> TASK TO CARRY OUT: Beginning with the line that holds "Continental VikingContact 7" in the data below, give again every line through the one that holds "Project report on bank marketing", exactly as written.
PROVIDED RECORDS Start Marker
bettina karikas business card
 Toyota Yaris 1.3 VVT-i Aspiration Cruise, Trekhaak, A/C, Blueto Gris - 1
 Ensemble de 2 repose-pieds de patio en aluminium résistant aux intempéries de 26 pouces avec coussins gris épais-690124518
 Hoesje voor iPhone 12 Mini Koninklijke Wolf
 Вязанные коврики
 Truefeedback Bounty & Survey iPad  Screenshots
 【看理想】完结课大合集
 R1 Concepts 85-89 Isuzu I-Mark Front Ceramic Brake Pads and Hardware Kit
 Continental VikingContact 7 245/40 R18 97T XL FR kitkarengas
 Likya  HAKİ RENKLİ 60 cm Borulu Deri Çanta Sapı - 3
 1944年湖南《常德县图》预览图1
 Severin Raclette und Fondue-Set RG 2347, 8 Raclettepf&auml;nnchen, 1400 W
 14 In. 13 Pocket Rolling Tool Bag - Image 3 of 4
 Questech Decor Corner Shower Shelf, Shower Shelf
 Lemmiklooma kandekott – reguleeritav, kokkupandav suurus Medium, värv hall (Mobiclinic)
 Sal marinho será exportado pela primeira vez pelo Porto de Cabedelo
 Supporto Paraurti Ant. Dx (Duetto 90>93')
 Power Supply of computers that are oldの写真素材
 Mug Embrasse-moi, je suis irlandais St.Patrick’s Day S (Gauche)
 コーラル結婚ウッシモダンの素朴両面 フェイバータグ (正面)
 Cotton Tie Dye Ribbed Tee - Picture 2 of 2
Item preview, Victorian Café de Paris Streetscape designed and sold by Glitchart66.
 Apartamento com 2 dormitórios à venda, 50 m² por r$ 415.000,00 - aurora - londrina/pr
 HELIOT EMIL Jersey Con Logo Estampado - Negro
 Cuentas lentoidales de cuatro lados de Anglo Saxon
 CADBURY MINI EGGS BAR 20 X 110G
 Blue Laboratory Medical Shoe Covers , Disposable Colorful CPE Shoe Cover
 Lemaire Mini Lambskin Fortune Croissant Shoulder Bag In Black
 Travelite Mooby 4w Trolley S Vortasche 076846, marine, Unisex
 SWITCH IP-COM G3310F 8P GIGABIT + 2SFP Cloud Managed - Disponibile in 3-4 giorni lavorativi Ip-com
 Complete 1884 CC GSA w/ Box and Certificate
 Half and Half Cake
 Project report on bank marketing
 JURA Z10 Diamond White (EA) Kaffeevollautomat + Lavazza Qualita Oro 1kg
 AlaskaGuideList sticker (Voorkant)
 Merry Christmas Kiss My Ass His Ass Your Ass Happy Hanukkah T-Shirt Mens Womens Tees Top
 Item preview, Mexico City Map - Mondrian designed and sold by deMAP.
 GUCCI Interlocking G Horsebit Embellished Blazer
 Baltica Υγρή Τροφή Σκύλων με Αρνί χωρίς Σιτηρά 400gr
PROVIDED RECORDS End Marker
> TASK RESULT:
 Continental VikingContact 7 245/40 R18 97T XL FR kitkarengas
 Likya  HAKİ RENKLİ 60 cm Borulu Deri Çanta Sapı - 3
 1944年湖南《常德县图》预览图1
 Severin Raclette und Fondue-Set RG 2347, 8 Raclettepf&auml;nnchen, 1400 W
 14 In. 13 Pocket Rolling Tool Bag - Image 3 of 4
 Questech Decor Corner Shower Shelf, Shower Shelf
 Lemmiklooma kandekott – reguleeritav, kokkupandav suurus Medium, värv hall (Mobiclinic)
 Sal marinho será exportado pela primeira vez pelo Porto de Cabedelo
 Supporto Paraurti Ant. Dx (Duetto 90>93')
 Power Supply of computers that are oldの写真素材
 Mug Embrasse-moi, je suis irlandais St.Patrick’s Day S (Gauche)
 コーラル結婚ウッシモダンの素朴両面 フェイバータグ (正面)
 Cotton Tie Dye Ribbed Tee - Picture 2 of 2
Item preview, Victorian Café de Paris Streetscape designed and sold by Glitchart66.
 Apartamento com 2 dormitórios à venda, 50 m² por r$ 415.000,00 - aurora - londrina/pr
 HELIOT EMIL Jersey Con Logo Estampado - Negro
 Cuentas lentoidales de cuatro lados de Anglo Saxon
 CADBURY MINI EGGS BAR 20 X 110G
 Blue Laboratory Medical Shoe Covers , Disposable Colorful CPE Shoe Cover
 Lemaire Mini Lambskin Fortune Croissant Shoulder Bag In Black
 Travelite Mooby 4w Trolley S Vortasche 076846, marine, Unisex
 SWITCH IP-COM G3310F 8P GIGABIT + 2SFP Cloud Managed - Disponibile in 3-4 giorni lavorativi Ip-com
 Complete 1884 CC GSA w/ Box and Certificate
 Half and Half Cake
 Project report on bank marketing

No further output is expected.